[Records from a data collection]
+++

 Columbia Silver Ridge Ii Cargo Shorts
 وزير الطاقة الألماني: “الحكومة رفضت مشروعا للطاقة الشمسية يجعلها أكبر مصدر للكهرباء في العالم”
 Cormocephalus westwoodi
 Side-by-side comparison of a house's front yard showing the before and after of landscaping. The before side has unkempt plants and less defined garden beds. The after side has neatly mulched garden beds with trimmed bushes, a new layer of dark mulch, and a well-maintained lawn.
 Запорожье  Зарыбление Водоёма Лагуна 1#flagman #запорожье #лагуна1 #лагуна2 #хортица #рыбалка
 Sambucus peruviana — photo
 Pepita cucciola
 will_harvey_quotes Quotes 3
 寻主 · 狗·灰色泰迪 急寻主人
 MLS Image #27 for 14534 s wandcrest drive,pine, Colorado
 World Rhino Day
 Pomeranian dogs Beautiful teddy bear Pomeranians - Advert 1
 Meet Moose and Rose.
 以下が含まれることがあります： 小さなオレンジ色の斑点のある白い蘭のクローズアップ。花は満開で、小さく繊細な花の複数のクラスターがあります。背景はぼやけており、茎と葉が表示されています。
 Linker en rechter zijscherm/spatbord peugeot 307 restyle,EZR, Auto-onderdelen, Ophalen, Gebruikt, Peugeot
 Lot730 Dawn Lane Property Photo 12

+++

» **Task prompt**: Your response should consist solely of the lines from the one containing "MLS Image #27" to the end of the entries, both ends included, exactly as they appear.

» **Problem solution**:
 MLS Image #27 for 14534 s wandcrest drive,pine, Colorado
 World Rhino Day
 Pomeranian dogs Beautiful teddy bear Pomeranians - Advert 1
 Meet Moose and Rose.
 以下が含まれることがあります： 小さなオレンジ色の斑点のある白い蘭のクローズアップ。花は満開で、小さく繊細な花の複数のクラスターがあります。背景はぼやけており、茎と葉が表示されています。
 Linker en rechter zijscherm/spatbord peugeot 307 restyle,EZR, Auto-onderdelen, Ophalen, Gebruikt, Peugeot
 Lot730 Dawn Lane Property Photo 12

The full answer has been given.